Data to examine: Begin
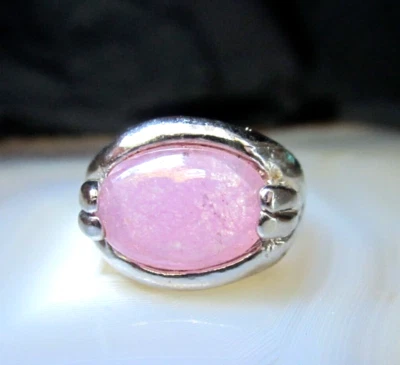 Ring Edelstahl Achat rosa tolle Farbe 20 mm 8,7g wuchtig und schön - Bild 1 von 4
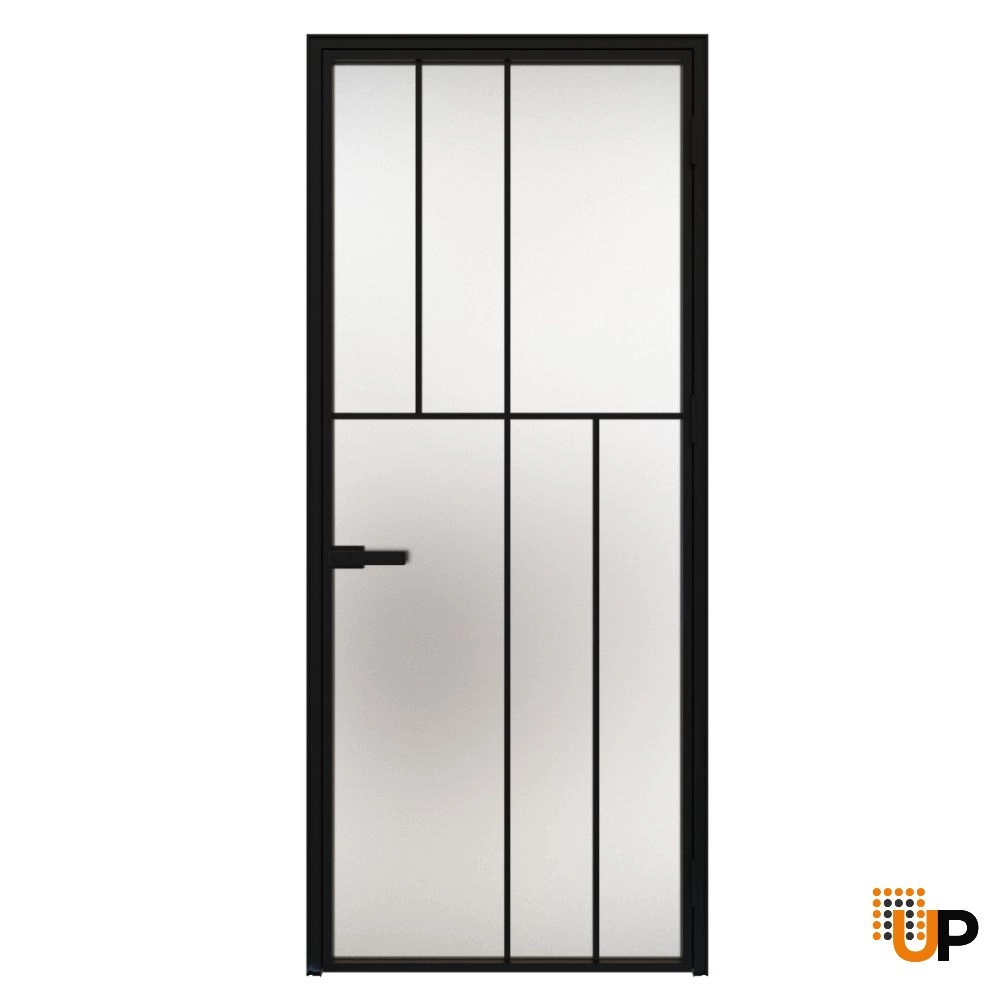 Modern aluminum aluminum swing door with frosted glass | Lumo 1906 Black | 24 x 80 in. photo#1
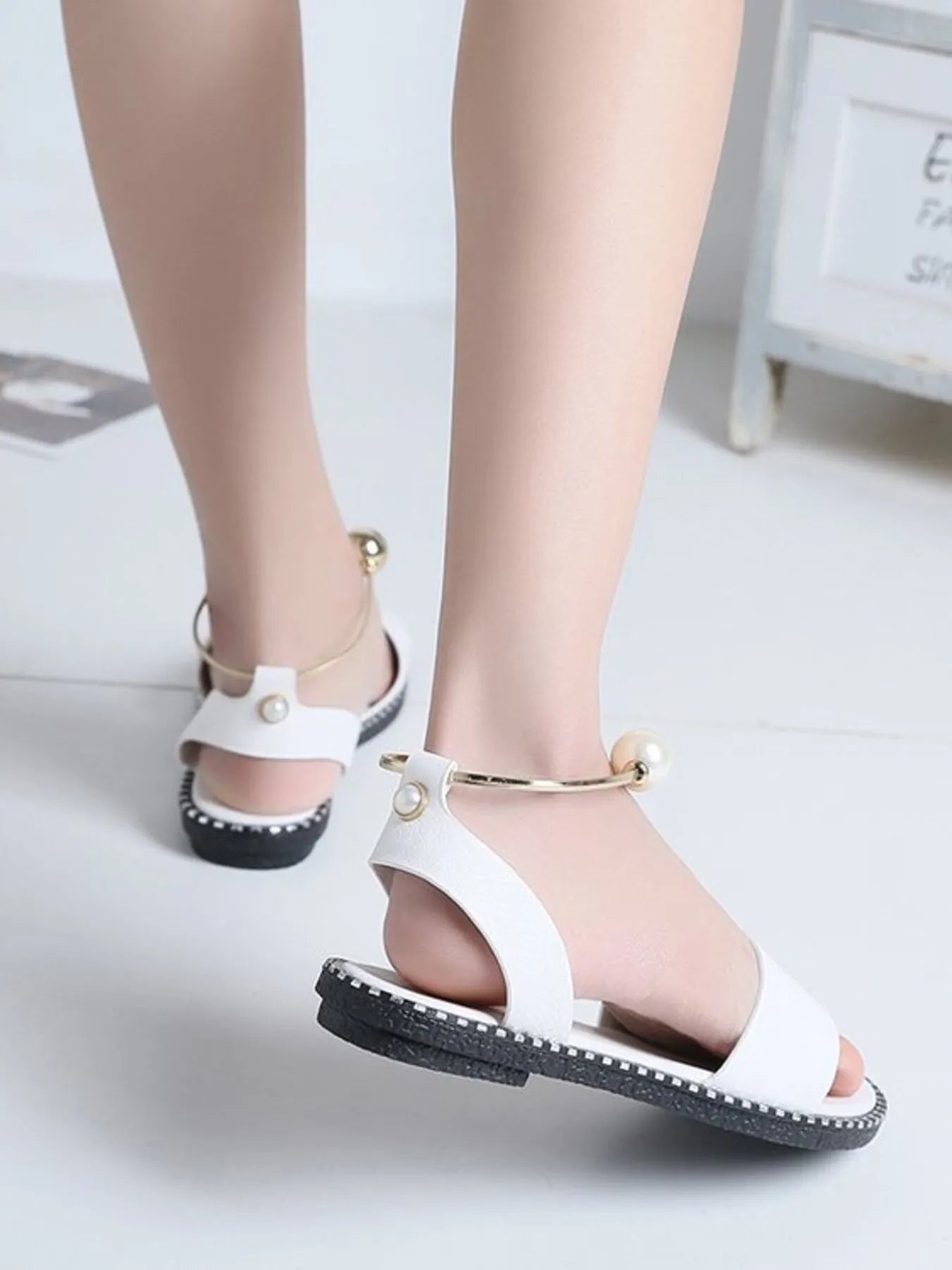 Pearl Embellished Flat Sandals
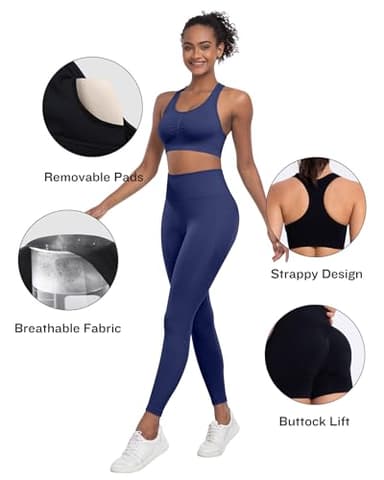 SALSPOR 3 Piece Workout Sets for Women Butt Lifting Leggings with High Impact Sports Bra Gym Shorts(3DWX-Navy Blue-M) - Image 2
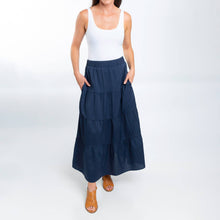 Midnight Blue McKay Tiered Rosewater Maxi Skirt with Pockets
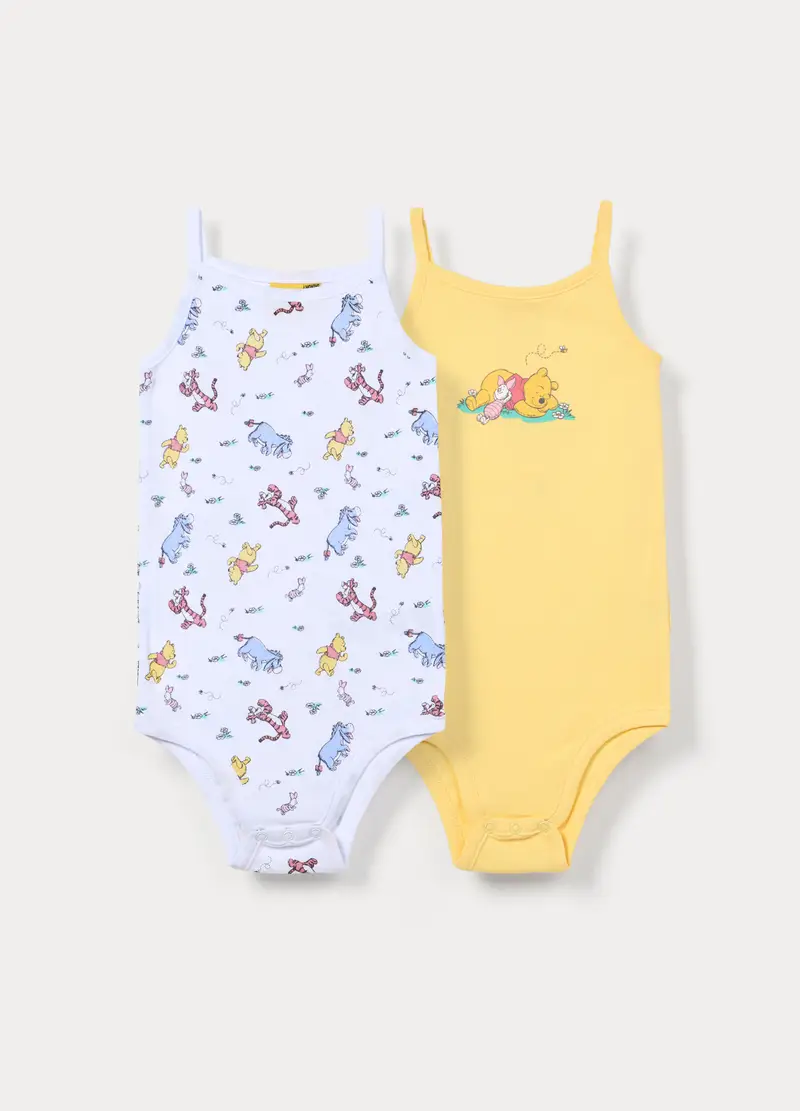 Pack 2 Body Disney In Costina Di Puro Cotone, Neonata, Bianco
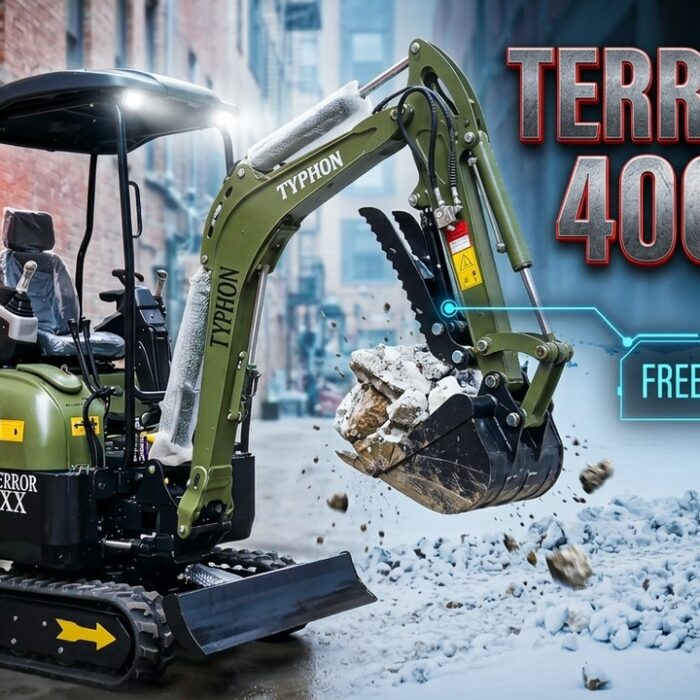 TYPHON TERROR XX 4000lbs | Kubota D902, Boom Swing, Compact Design, Full Power & FREE Thumb Clip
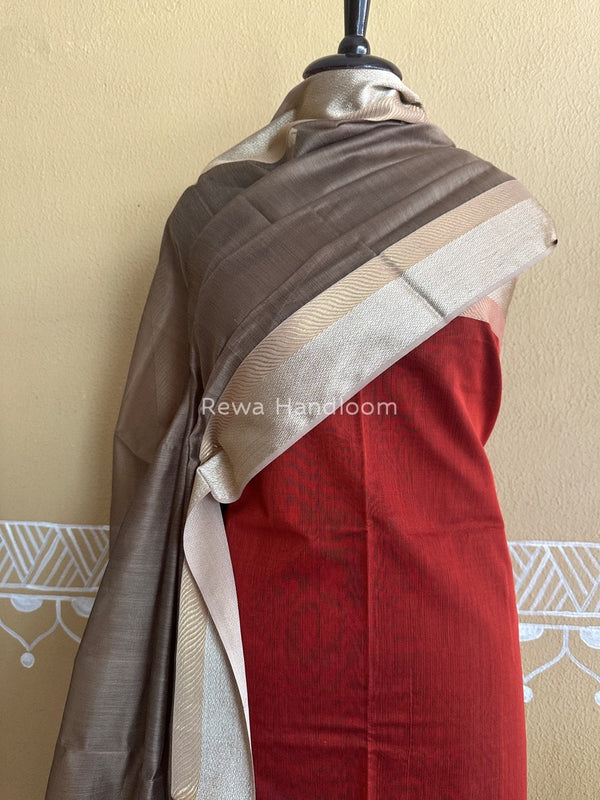 Maheshwari Rust Red-Dark Beige Resham Border Dress Material BRD09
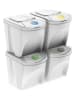 Joybos 4-delige afvalscheidingssysteem wit - 4x 25 l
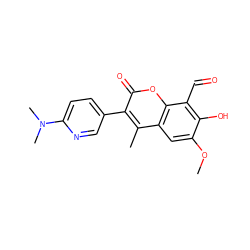 COc1cc2c(C)c(-c3ccc(N(C)C)nc3)c(=O)oc2c(C=O)c1O ZINC000221071368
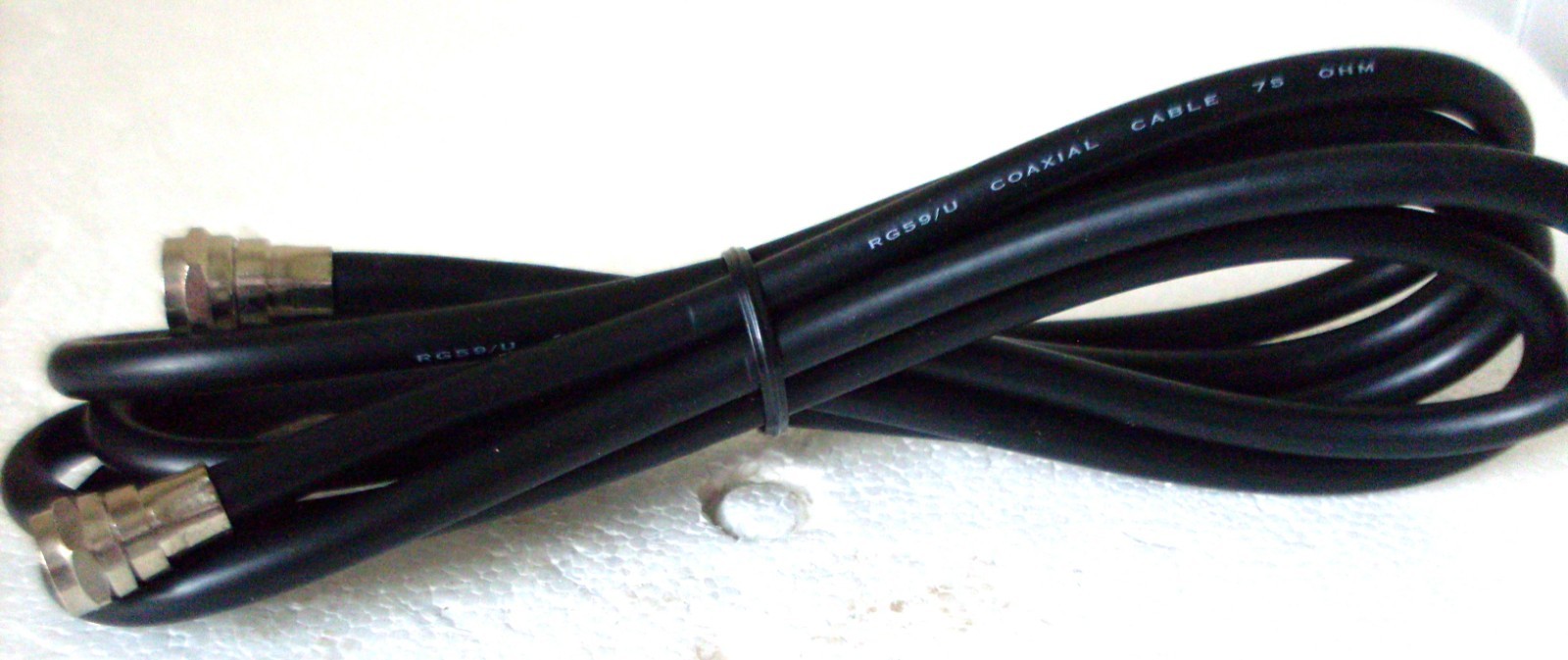 RG59 Coaxial Cable 6ft – F-Type Connectors, Shielded, Black – New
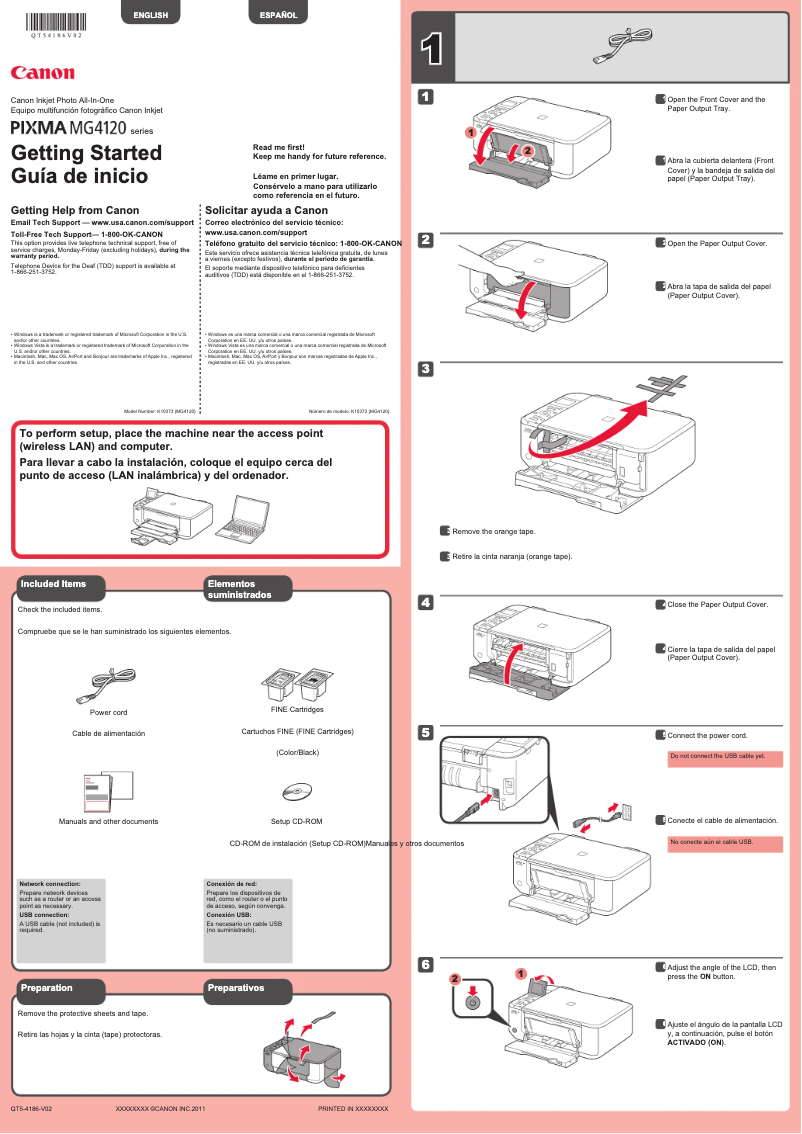 Page 1 de la notice Manuel utilisateur Canon Pixma MG4120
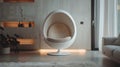 Minimalist room with retro egg chair under soft white light, Ai generative
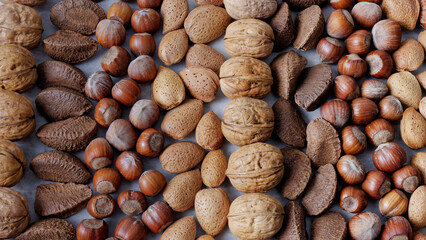 Nuts assortment background. Various nuts with nutshells.
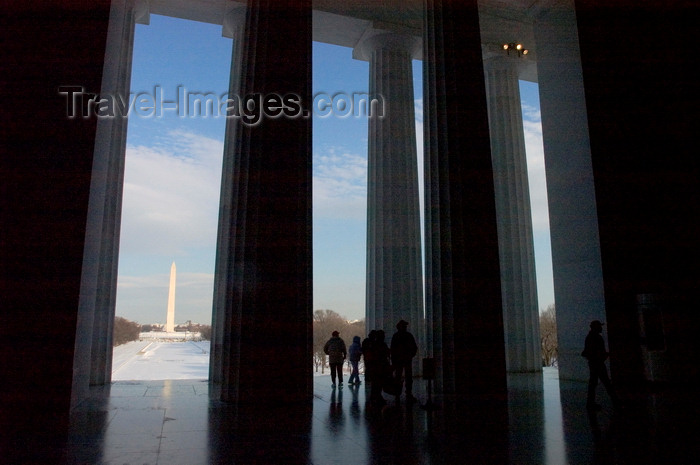 usa1354: Washington, D.C., USA: Washington Memorial and the frozen Reflecting Pool seen from the interior statue of the Lincoln Memorial - fluted Doric columns - National Mall - photo by C.Lovell - (c) Travel-Images.com - Stock Photography agency - Image Bank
Data to examine: End
» Task description: Restate word for word the lines from the one holding "Pearl Embellished Flat Sandals" down through the last line of the records above, and do not include the pictures.

» Solution for this task:
 Pearl Embellished Flat Sandals
 SALSPOR 3 Piece Workout Sets for Women Butt Lifting Leggings with High Impact Sports Bra Gym Shorts(3DWX-Navy Blue-M) - Image 2
 Midnight Blue McKay Tiered Rosewater Maxi Skirt with Pockets
 Pack 2 Body Disney In Costina Di Puro Cotone, Neonata, Bianco
 TYPHON TERROR XX 4000lbs | Kubota D902, Boom Swing, Compact Design, Full Power & FREE Thumb Clip
 Maheshwari Rust Red-Dark Beige Resham Border Dress Material BRD09
 Joybos 4-delige afvalscheidingssysteem wit - 4x 25 l
 COc1cc2c(C)c(-c3ccc(N(C)C)nc3)c(=O)oc2c(C=O)c1O ZINC000221071368
 RG59 Coaxial Cable 6ft – F-Type Connectors, Shielded, Black – New
 Page 1 de la notice Manuel utilisateur Canon Pixma MG4120
 Minimalist room with retro egg chair under soft white light, Ai generative
 Nuts assortment background. Various nuts with nutshells.
 usa1354: Washington, D.C., USA: Washington Memorial and the frozen Reflecting Pool seen from the interior statue of the Lincoln Memorial - fluted Doric columns - National Mall - photo by C.Lovell - (c) Travel-Images.com - Stock Photography agency - Image Bank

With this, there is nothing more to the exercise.